Et bien, c’était très intéressant tout ça. La Guéparde se dit que si elle devait mener l’enquête, elle s’y prendrait comme le Sherlok de sous-préfecture qu’elle a vu à l’oeuvre. Le petit lieutenant doit se dire, qu’il faut qu’il cherche quelqu’un qui était à la fête, raide torché, probablement trempé des pieds à la tête d’une substance qui reste à déterminer – mais en de telles quantités on peut exclure l’urine sauf si tous les autres s’y sont mis pour lui pisser dessus – et qui aurait un accès au parking de la boîte d’à côté. Ça ne vaut pas un mot fléché, mais ça fait réfléchir. Le grand Teflon s’est déplacé jusqu’au croisement pour la regarder de loin. Il est tout inquiet, presque autant qu’il est inquiétant. Qu’est-ce qu’on va faire de lui ? Qu’est-ce qu’on va pouvoir faire de cette génération à l’abandon ? Des spécimens comme lui, il y en a un paquet. Alors tous n’ont pas ce gabarit et un pouvoir de nuisance aussi brut et aussi concentré, mais il va bien falloir qu’on leur trouve sinon un emploi, du moins un usage. La Guéparde est partisane de les faire courir dans des roues comme les hamsters pour produire de l’électricité. Ou alors de les armer, de les droguer massivement, et de les envoyer attaquer les Chinois. Comme ça, pour rire. On mettrait une caméra sur le casque d’un sur dix, on les entasserait sur des barges avec des projecteurs maous et des caméras, on attendrait le petit matin et zou ! Ça s’appellerait « débarquement dans la baie de Yalong », et ce serait présenté par Benjamin Castaldi.

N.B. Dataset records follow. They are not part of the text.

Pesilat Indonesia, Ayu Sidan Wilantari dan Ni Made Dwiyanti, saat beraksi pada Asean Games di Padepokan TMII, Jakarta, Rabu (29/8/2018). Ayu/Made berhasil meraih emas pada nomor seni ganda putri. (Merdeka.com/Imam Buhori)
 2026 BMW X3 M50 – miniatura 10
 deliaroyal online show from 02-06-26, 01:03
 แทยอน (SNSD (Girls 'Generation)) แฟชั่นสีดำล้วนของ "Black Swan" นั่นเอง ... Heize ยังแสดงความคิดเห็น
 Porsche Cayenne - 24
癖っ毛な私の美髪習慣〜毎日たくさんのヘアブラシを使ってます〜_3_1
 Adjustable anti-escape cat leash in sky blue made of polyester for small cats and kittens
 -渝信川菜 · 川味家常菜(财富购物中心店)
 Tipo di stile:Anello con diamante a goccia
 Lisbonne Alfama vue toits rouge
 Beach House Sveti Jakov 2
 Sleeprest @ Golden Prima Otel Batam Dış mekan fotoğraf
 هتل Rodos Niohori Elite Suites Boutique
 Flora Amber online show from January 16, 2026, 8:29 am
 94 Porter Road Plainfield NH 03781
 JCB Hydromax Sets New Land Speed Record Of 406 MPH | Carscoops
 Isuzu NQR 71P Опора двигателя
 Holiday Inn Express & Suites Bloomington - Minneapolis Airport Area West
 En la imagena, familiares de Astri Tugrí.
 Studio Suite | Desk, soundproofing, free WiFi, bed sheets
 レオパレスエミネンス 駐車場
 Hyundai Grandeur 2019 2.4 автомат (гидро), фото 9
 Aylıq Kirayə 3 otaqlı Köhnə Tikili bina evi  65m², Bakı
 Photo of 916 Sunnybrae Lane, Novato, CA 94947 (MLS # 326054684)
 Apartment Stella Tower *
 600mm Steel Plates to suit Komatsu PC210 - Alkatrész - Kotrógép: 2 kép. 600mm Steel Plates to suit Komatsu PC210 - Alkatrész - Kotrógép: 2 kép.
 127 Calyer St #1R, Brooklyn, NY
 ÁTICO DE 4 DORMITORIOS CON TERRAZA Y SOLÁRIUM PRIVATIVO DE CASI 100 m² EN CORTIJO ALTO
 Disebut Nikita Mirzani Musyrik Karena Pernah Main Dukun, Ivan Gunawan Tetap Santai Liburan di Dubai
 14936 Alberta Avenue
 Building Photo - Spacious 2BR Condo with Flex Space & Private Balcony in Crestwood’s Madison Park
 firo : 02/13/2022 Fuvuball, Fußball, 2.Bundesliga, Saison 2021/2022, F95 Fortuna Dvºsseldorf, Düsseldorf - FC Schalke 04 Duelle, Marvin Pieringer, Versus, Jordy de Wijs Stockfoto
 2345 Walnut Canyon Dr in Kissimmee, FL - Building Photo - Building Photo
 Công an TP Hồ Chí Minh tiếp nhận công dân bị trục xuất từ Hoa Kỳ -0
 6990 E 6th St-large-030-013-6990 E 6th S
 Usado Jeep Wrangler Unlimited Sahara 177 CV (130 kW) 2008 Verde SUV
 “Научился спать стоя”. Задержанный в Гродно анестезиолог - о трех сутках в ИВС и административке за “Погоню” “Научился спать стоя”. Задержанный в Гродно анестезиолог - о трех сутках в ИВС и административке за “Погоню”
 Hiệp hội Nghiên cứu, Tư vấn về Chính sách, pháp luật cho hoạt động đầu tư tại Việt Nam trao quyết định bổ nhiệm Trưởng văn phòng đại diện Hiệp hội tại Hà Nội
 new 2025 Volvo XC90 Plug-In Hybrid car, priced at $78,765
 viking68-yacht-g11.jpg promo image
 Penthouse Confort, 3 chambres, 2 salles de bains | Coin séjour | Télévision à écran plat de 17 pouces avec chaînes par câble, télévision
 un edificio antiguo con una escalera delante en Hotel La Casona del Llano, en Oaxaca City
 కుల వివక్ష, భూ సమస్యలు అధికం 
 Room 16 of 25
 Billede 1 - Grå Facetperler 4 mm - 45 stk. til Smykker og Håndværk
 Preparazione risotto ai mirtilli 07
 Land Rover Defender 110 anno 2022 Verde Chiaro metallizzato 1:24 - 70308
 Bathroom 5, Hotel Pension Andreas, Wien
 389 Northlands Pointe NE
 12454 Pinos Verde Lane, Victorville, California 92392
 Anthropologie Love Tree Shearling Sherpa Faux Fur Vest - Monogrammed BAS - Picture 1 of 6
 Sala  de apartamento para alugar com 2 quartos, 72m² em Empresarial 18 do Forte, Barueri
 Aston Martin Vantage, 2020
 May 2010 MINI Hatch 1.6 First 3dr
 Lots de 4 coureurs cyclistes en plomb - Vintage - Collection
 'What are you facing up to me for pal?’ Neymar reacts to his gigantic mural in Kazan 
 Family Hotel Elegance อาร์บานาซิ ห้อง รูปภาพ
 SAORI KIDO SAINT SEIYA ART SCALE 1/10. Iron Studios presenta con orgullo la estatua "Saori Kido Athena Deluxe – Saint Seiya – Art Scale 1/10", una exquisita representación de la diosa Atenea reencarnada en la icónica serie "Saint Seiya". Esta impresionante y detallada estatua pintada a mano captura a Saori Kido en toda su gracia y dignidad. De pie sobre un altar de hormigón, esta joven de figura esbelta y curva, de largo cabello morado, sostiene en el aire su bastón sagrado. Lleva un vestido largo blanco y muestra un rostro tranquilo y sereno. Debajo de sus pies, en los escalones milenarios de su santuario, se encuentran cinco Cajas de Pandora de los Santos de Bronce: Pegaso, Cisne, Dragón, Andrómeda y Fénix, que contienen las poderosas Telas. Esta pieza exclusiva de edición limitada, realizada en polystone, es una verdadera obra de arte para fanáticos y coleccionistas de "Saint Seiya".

Mais pour rester centré sur ce pauvre Teflon, il n’a aucune chance de réhabilitation. Il a tué vingt personnes, dont des proches, sans broncher, il en tuera peut-être vingt autres dans les dix prochaines années, ce qu’il lui faut c’est une camisole chimique, ou un coup de masse pendant qu’il dort. L’ex-Commission Européenne est tombée bien bas en espérant recruter et convertir à sa cause des engins pareils. Sauf à lui dévier tout le système neuronal au profit d’une télécommande, avec juste un bouton on, un bouton off et un joystick pour le piloter quand on l’envoie détruire quelque chose ou quelqu’un, ce gamin est condamné à finir en prison haute sécurité et à être nourri à la catapulte et abreuvé au jet. Ah, il s’approche. Maintenant qu’il est rassuré de la voir revenir, il est tenté de plaider pour un peu de , sinon pour une franche réconciliation.
La Guéparde s’accroupit pour bien lui signifier qu’il doit venir à elle et pour bien ostensiblement l’ignorer, elle regarde son téléphone. Pas de nouvelles de la dépanneuse. Et ce mollasson de N’a-qu’un-Oeil, surintendant de mes fesses, qui n’est pas foutu d’accélérer les choses. Elle fait son numéro, ça ne servira à rien, mais elle aime bien lui souffler dans les bronches.